▶ _What you should do_: Find the line with "Προσφέρει μεσημεριανό και βραδινό" in the entries below. Repeat it, every following line, and the line with "Snapshot of blessmyneighbors2", exactly and with nothing added.

**** Material shown ****

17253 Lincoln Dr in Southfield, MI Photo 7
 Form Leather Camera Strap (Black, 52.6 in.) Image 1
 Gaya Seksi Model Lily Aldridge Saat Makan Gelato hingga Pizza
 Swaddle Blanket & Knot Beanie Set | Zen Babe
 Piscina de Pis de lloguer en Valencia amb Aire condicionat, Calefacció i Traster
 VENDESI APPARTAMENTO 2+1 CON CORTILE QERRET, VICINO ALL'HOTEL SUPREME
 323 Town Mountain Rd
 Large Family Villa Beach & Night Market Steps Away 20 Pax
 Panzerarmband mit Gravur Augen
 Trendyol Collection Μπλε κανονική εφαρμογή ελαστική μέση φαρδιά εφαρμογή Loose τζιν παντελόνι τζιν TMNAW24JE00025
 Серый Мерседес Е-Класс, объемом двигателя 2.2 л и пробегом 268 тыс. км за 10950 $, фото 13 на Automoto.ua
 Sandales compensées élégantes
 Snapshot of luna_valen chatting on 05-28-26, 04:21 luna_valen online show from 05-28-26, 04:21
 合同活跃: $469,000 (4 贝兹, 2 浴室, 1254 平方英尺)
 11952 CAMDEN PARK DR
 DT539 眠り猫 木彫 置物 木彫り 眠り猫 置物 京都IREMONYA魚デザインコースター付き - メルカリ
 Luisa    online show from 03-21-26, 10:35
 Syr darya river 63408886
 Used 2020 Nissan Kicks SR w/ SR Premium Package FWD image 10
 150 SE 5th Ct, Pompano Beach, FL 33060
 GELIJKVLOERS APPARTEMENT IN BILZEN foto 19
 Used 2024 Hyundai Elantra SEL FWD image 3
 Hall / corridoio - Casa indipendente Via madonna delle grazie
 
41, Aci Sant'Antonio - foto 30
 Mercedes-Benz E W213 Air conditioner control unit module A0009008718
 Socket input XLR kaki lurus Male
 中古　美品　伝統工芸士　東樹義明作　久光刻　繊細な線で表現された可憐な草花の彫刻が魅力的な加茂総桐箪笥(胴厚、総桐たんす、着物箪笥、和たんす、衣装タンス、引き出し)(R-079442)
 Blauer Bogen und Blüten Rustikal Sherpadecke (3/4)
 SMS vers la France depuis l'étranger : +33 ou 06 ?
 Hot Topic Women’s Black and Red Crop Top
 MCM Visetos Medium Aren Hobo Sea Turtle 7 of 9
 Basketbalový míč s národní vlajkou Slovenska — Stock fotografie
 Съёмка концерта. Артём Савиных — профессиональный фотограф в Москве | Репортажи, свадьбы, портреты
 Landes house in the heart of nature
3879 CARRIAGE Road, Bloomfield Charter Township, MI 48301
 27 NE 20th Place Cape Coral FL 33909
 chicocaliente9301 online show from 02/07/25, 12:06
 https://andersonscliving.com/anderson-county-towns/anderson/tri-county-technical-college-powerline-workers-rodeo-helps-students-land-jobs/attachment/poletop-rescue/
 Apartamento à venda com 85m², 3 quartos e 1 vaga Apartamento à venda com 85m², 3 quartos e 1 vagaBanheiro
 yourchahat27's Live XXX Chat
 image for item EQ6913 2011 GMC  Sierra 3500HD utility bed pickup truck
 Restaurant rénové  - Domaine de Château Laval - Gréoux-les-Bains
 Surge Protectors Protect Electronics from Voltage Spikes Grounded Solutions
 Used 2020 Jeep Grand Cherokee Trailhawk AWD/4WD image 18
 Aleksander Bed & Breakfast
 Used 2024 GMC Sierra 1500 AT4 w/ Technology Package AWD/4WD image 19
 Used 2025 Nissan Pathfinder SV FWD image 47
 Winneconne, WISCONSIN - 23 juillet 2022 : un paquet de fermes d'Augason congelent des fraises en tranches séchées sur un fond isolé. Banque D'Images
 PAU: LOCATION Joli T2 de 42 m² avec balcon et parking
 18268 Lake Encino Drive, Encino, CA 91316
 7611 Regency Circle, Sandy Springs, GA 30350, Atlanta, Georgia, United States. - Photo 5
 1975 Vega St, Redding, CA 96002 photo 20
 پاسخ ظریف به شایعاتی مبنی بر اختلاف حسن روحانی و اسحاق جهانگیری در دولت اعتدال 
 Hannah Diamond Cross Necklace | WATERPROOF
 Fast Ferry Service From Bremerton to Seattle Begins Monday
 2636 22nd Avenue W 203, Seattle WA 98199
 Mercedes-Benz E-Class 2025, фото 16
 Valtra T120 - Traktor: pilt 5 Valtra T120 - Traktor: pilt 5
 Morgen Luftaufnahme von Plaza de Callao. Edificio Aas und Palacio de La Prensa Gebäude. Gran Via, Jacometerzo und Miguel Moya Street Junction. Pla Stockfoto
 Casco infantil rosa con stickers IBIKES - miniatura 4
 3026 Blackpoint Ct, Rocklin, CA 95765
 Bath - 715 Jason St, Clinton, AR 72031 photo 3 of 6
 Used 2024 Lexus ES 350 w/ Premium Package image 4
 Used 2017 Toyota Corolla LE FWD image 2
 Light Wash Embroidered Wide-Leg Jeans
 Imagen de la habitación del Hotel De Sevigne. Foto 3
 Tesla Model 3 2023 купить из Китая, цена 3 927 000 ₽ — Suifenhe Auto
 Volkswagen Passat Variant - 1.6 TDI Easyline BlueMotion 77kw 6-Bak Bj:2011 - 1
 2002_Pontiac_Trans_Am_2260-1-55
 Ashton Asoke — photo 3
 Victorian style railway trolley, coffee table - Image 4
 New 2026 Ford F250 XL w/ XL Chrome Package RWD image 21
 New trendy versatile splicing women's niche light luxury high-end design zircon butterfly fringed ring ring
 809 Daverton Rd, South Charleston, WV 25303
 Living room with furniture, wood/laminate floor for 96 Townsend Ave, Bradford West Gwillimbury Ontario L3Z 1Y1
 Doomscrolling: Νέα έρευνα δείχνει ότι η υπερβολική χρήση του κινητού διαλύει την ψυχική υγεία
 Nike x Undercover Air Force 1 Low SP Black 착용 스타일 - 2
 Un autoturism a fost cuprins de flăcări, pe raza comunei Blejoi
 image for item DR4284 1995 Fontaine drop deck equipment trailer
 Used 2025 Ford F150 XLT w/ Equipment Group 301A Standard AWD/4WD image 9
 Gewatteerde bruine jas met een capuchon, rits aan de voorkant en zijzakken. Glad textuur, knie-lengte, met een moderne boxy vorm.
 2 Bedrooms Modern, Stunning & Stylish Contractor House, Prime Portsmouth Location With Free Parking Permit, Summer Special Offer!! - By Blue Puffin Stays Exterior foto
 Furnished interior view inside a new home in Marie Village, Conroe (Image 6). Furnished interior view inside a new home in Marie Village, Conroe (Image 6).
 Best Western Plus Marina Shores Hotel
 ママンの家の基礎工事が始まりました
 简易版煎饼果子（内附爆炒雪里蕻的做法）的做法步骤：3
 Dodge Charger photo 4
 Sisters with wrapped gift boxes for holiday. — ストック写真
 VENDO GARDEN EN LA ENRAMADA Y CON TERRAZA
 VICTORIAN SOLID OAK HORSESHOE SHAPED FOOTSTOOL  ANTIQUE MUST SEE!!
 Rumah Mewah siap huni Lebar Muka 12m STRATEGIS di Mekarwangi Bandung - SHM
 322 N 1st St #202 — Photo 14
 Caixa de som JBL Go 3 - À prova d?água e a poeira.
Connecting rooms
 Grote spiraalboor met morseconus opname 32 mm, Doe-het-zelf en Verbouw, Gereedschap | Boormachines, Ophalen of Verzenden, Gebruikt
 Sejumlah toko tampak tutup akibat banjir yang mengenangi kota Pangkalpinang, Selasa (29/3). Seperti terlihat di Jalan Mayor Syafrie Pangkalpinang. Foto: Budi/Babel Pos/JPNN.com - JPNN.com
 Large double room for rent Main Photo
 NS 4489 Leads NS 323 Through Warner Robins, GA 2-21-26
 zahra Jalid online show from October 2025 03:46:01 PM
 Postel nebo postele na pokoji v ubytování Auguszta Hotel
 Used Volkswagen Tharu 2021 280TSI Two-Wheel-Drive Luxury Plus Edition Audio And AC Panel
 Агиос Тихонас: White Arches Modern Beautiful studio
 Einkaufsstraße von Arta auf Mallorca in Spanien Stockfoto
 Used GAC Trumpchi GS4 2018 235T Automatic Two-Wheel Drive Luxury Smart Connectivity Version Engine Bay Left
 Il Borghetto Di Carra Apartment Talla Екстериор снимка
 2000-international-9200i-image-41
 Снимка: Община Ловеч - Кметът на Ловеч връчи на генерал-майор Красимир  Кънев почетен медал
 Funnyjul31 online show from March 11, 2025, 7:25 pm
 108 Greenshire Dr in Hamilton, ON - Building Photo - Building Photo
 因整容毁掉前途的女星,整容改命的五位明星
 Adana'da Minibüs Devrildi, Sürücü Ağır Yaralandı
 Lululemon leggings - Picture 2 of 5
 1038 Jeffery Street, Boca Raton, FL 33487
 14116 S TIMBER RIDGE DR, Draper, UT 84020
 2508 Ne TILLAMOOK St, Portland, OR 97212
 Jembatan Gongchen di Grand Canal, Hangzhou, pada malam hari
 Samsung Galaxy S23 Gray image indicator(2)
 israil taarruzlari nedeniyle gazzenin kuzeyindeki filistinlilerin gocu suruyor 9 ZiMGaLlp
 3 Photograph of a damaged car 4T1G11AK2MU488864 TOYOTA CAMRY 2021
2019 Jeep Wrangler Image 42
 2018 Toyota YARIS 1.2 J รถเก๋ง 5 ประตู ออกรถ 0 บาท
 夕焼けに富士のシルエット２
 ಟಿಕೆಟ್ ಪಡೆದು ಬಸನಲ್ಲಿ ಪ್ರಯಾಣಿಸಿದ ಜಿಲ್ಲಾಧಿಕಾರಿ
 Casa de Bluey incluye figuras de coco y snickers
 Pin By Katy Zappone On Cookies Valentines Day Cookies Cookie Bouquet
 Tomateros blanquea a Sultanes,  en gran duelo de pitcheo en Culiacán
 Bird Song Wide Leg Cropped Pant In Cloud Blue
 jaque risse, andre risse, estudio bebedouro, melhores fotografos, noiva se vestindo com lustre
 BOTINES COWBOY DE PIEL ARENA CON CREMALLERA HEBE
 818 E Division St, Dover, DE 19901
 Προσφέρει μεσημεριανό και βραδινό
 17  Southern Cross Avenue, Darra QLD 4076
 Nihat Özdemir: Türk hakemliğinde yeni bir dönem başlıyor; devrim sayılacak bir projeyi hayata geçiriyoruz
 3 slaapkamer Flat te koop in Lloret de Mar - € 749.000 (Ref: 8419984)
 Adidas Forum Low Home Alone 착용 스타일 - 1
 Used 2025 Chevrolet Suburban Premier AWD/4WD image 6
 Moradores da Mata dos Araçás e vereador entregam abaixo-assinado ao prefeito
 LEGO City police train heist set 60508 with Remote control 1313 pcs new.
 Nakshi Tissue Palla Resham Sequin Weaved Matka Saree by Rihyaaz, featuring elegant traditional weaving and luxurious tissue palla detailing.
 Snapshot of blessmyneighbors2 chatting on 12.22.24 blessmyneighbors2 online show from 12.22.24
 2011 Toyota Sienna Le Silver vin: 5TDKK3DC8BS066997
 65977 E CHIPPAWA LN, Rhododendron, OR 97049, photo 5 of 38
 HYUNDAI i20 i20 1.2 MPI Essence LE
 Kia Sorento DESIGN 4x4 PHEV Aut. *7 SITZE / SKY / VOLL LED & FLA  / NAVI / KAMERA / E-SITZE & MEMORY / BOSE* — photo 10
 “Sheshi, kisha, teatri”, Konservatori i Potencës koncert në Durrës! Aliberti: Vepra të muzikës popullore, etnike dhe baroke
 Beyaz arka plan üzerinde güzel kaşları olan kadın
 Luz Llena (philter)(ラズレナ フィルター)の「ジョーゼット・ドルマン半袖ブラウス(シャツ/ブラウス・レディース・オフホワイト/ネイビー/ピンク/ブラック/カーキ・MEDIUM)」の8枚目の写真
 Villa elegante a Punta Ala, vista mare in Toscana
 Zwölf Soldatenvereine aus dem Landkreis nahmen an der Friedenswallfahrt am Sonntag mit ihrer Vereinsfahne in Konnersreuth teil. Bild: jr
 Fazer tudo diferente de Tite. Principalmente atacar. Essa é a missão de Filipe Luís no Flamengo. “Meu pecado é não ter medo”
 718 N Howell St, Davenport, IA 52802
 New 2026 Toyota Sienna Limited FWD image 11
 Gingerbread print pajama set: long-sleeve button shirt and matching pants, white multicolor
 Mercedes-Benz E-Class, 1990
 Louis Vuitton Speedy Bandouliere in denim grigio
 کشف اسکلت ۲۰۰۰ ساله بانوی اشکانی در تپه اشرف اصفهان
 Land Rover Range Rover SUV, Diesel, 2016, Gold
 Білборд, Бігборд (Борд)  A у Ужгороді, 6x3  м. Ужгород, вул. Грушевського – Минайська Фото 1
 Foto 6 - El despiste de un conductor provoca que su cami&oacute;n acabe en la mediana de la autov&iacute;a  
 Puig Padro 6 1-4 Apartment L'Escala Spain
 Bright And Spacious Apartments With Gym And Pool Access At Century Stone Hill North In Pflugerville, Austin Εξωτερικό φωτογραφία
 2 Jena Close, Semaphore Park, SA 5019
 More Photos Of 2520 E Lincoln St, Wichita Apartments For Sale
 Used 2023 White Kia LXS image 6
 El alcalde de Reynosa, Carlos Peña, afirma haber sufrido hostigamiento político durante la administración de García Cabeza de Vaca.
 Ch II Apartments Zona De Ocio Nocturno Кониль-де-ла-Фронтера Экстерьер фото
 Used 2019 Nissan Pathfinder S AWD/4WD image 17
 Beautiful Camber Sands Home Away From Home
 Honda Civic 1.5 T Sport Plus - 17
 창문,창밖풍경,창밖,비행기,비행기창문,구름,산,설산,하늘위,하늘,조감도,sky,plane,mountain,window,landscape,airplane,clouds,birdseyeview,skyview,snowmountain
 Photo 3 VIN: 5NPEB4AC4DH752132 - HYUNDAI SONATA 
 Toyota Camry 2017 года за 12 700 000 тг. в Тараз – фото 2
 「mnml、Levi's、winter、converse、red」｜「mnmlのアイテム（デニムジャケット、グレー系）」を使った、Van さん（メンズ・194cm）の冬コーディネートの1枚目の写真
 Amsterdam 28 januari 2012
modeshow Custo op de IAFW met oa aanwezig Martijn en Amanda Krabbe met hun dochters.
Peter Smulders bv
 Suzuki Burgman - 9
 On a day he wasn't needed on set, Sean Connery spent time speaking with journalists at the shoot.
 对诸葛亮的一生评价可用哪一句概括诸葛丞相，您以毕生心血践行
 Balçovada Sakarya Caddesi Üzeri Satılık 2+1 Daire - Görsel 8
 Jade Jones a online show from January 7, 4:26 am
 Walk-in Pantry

****

▶ _Task solution_:
 Προσφέρει μεσημεριανό και βραδινό
 17  Southern Cross Avenue, Darra QLD 4076
 Nihat Özdemir: Türk hakemliğinde yeni bir dönem başlıyor; devrim sayılacak bir projeyi hayata geçiriyoruz
 3 slaapkamer Flat te koop in Lloret de Mar - € 749.000 (Ref: 8419984)
 Adidas Forum Low Home Alone 착용 스타일 - 1
 Used 2025 Chevrolet Suburban Premier AWD/4WD image 6
 Moradores da Mata dos Araçás e vereador entregam abaixo-assinado ao prefeito
 LEGO City police train heist set 60508 with Remote control 1313 pcs new.
 Nakshi Tissue Palla Resham Sequin Weaved Matka Saree by Rihyaaz, featuring elegant traditional weaving and luxurious tissue palla detailing.
 Snapshot of blessmyneighbors2 chatting on 12.22.24 blessmyneighbors2 online show from 12.22.24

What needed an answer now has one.